(Short text fragments from websites)

++++++

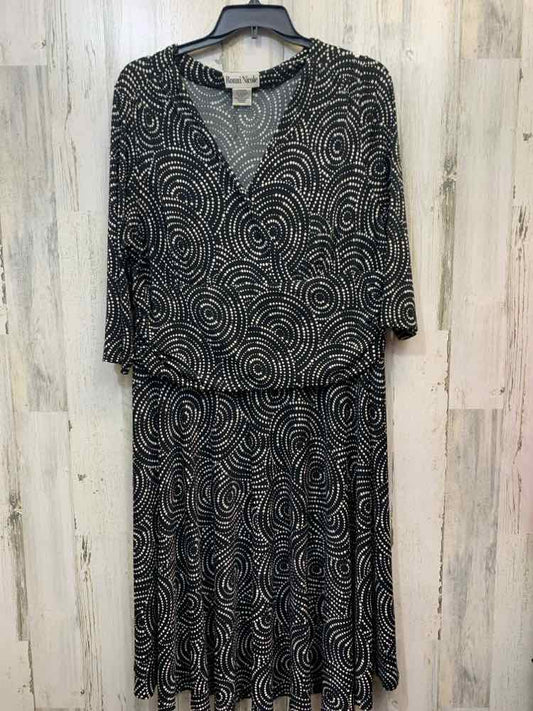PRE-OWNED RONNI NICOLE PLUS SIZES Size 20 WHT/BLK 3/4 SLEEVE Dress/V NECK/SWIRL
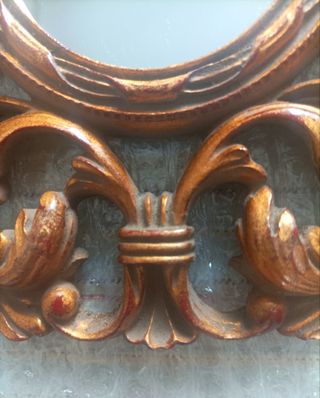 Espejo ovalado dorado antiguo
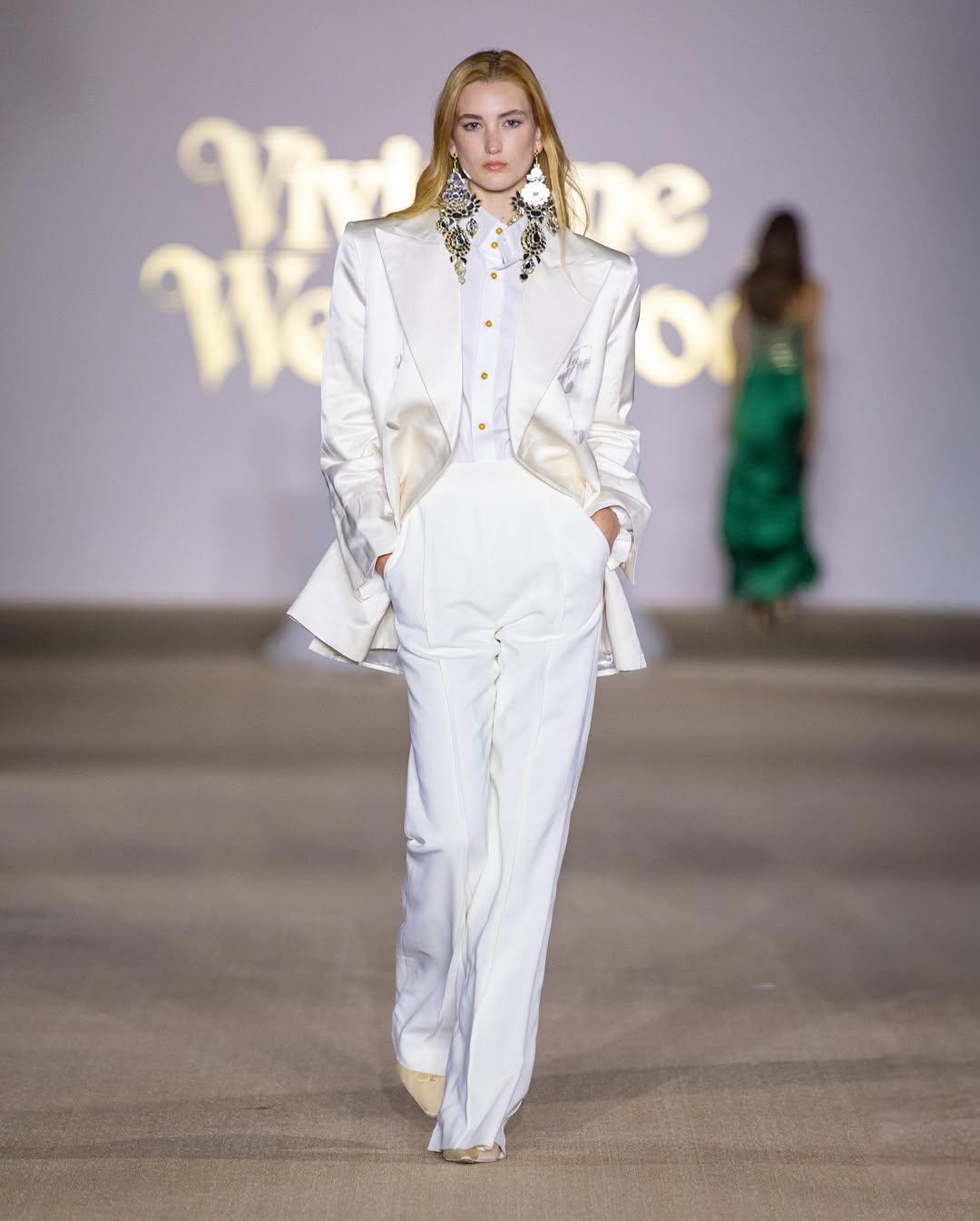 من تعاون دار فيفيان ويستوود وفنون التراث في أسبوع الأزياء في الرياض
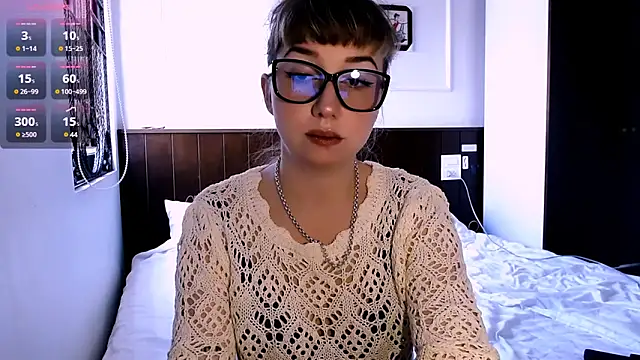 Cosmo Riri online show from 26, 1, 2025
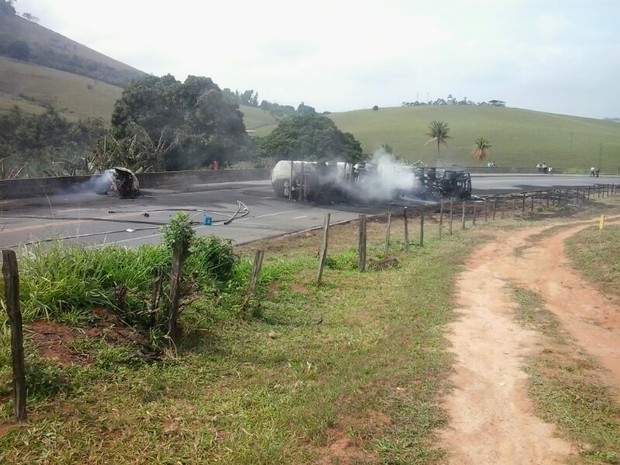 Carro de passeio ficou destruído. (Foto: Maria Cláudia Bonutti/ TV Gazeta)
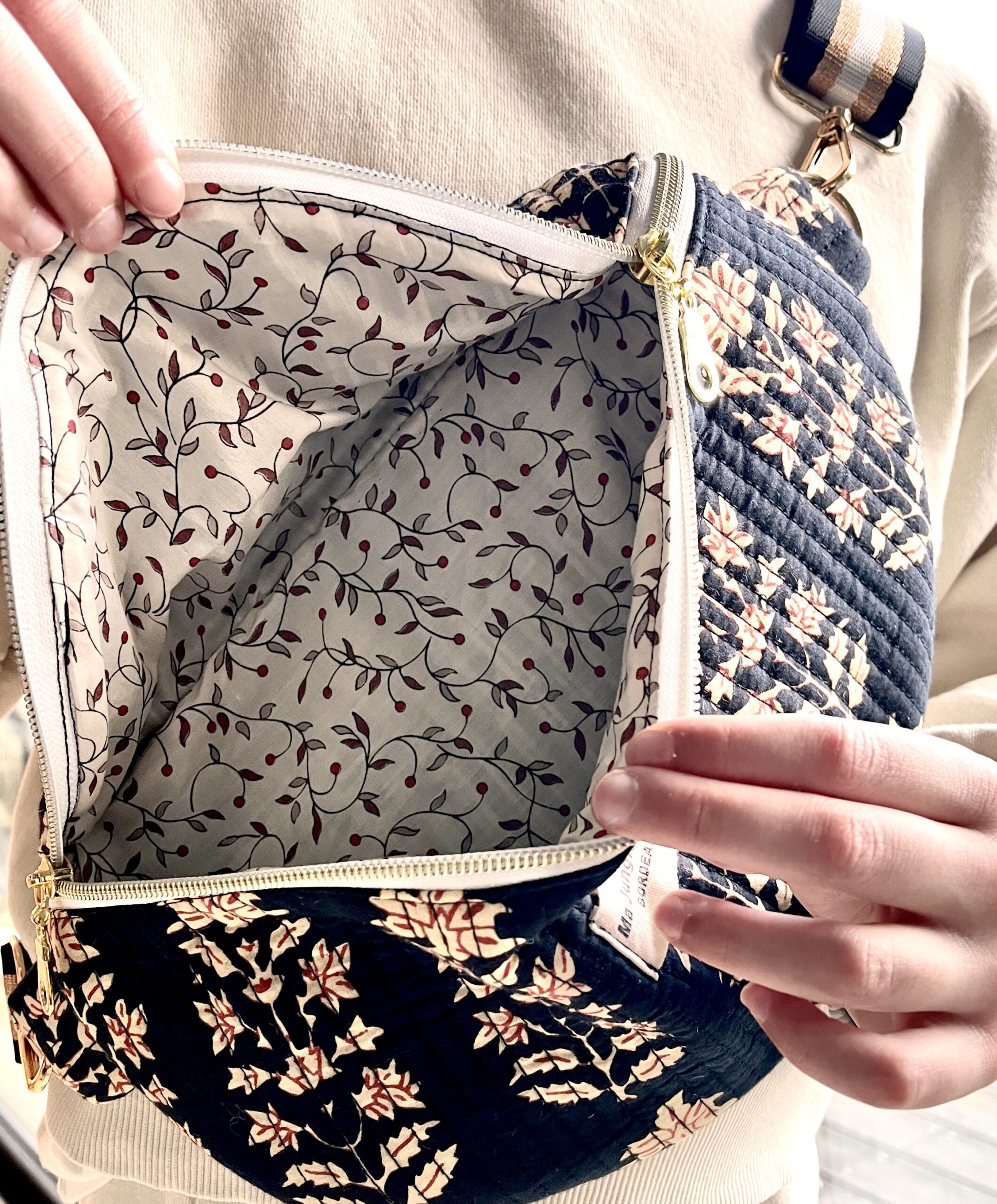 Sac banane en coton indien, tissu fleuri, double fermeture éclaire, jaune safran Ma jungle Family, bleu, cousu main, anse ajustable, matelassée, liberty, noir imprimé au blockprint, kalambari, Jamini, bindi, apaches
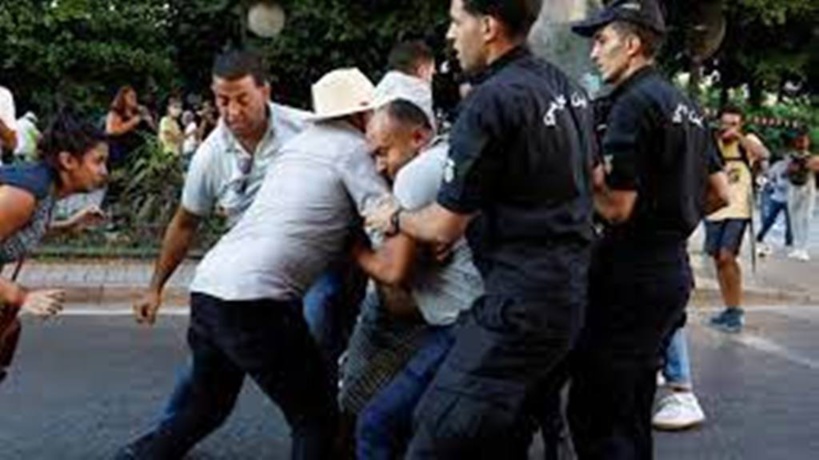 Tunisie: une manifestation contre le référendum sur une nouvelle Constitution réprimée Tunisie: une manifestation contre le référendum sur une nouvelle Constitution réprimée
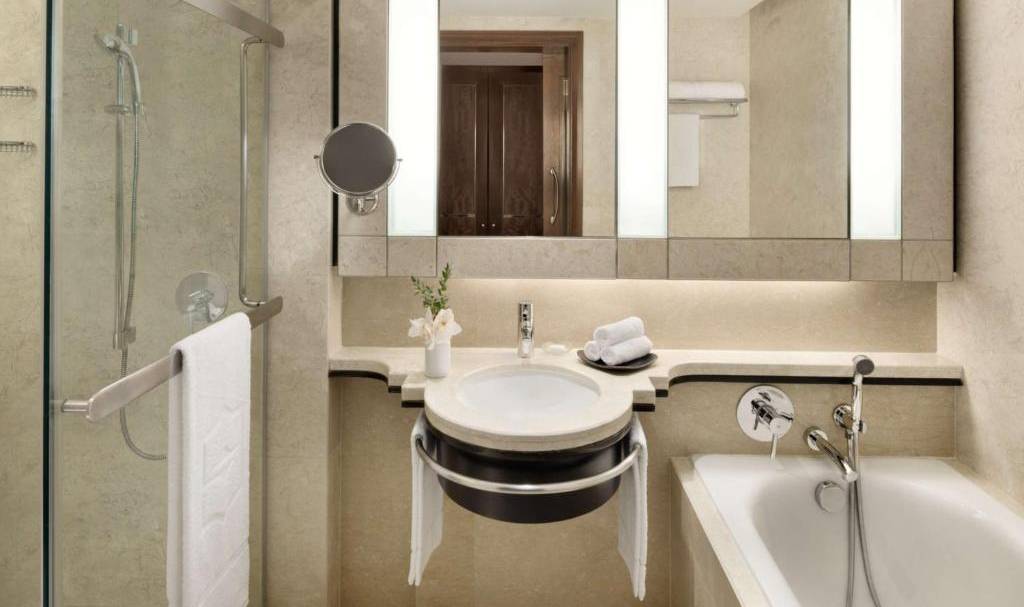 Maleisi-Kuala-Lumpur-Shangri-La-Kuala-Lumpur-Deluxe-kamer-badkamer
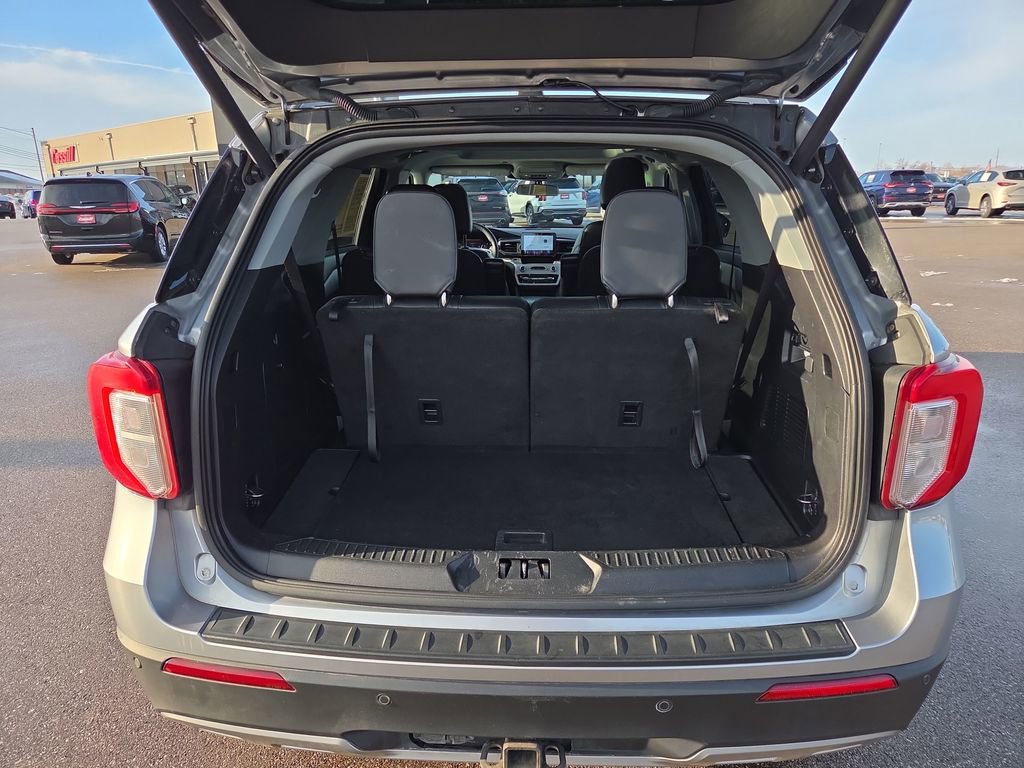 Used 2022 Ford Explorer XLT w/ Equipment Group 202A image 29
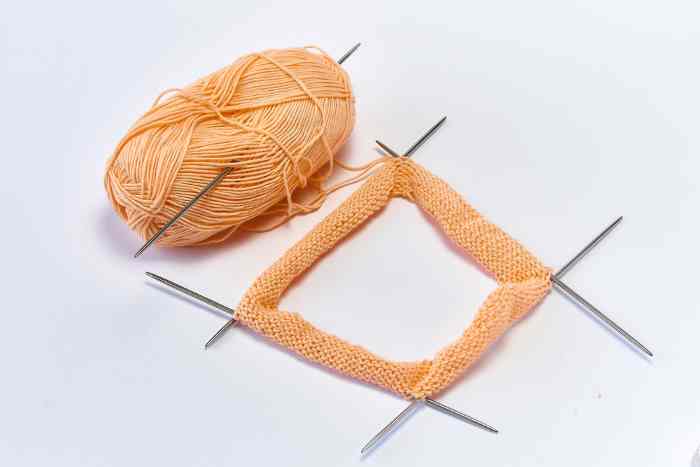 Set of double-pointed knitting needles
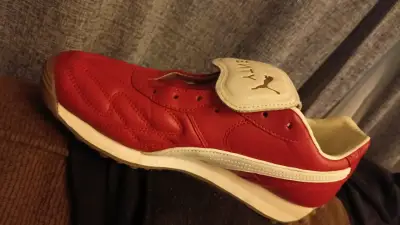 Zapatillas deportivas rojas Puma para hombre - miniatura 1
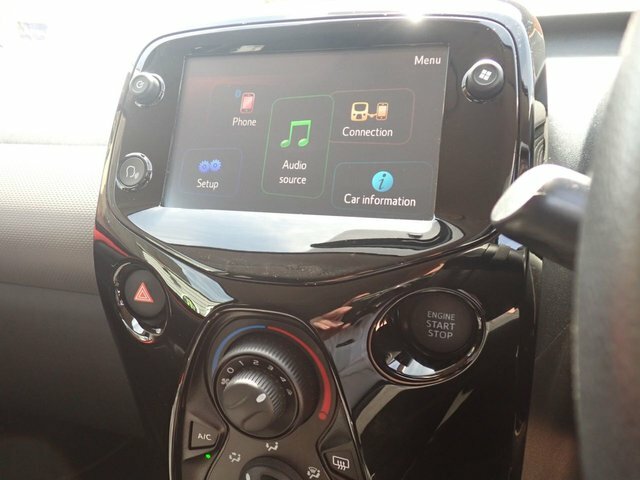 Peugeot 108 108 Allure Blue #11
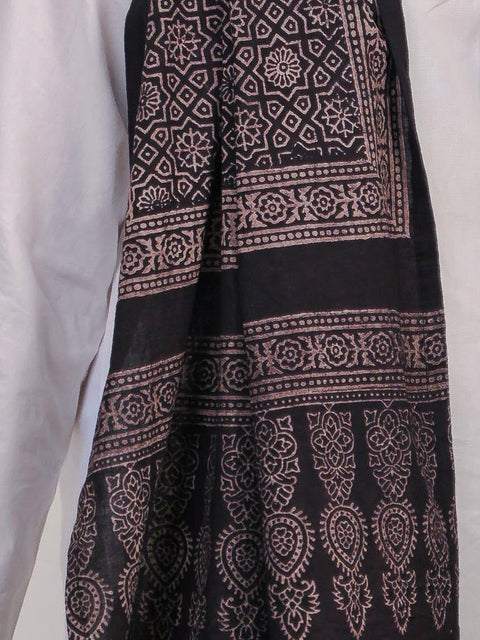 Huda Ajrak Scarf - Black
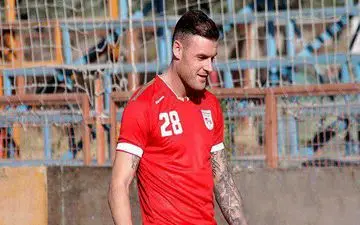 عکسِ کریسمسِ فوق ستاره تراکتورسازی در کنار همسرش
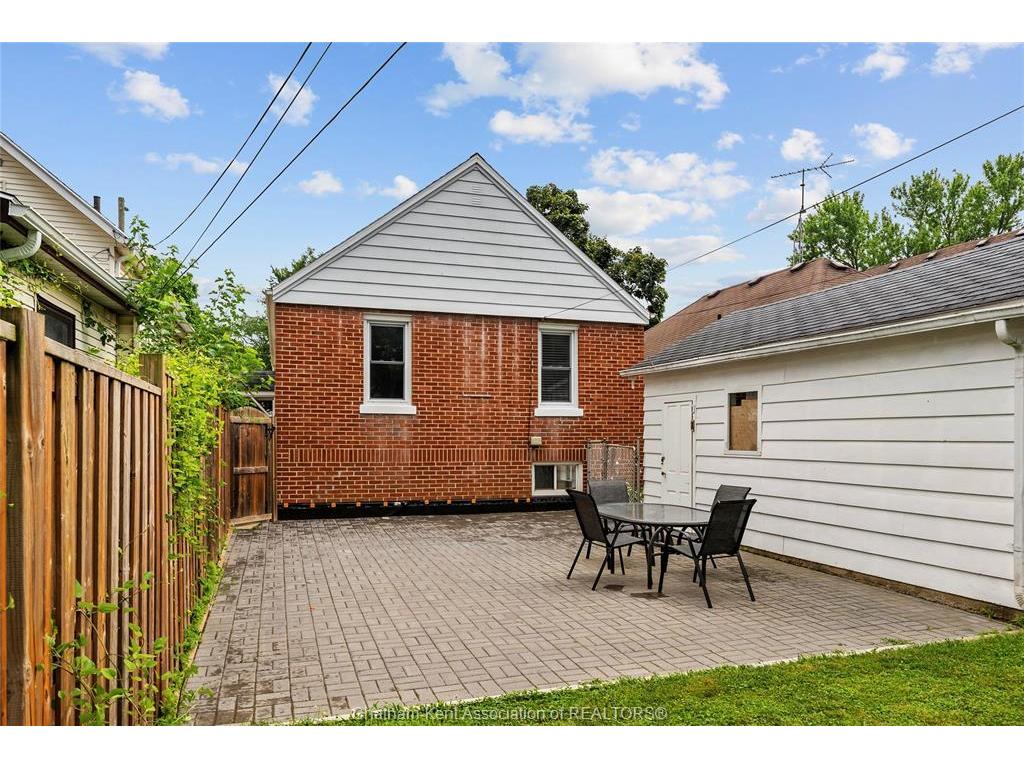 









33


WILSON

Avenue,
Chatham,




ON
N7L 1K8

++++++

ACTIVITY: Transcribe all the entries precisely. Do not include any picture.

ANSWER FOR THE TASK:
PRE-OWNED RONNI NICOLE PLUS SIZES Size 20 WHT/BLK 3/4 SLEEVE Dress/V NECK/SWIRL
 Espejo ovalado dorado antiguo
 من تعاون دار فيفيان ويستوود وفنون التراث في أسبوع الأزياء في الرياض
 Cosmo Riri online show from 26, 1, 2025
 Carro de passeio ficou destruído. (Foto: Maria Cláudia Bonutti/ TV Gazeta)
 Sac banane en coton indien, tissu fleuri, double fermeture éclaire, jaune safran Ma jungle Family, bleu, cousu main, anse ajustable, matelassée, liberty, noir imprimé au blockprint, kalambari, Jamini, bindi, apaches
 Tunisie: une manifestation contre le référendum sur une nouvelle Constitution réprimée Tunisie: une manifestation contre le référendum sur une nouvelle Constitution réprimée
 Maleisi-Kuala-Lumpur-Shangri-La-Kuala-Lumpur-Deluxe-kamer-badkamer
 Used 2022 Ford Explorer XLT w/ Equipment Group 202A image 29
 Set of double-pointed knitting needles
 Zapatillas deportivas rojas Puma para hombre - miniatura 1
 Peugeot 108 108 Allure Blue #11
 Huda Ajrak Scarf - Black
 عکسِ کریسمسِ فوق ستاره تراکتورسازی در کنار همسرش









33


WILSON

Avenue,
Chatham,




ON
N7L 1K8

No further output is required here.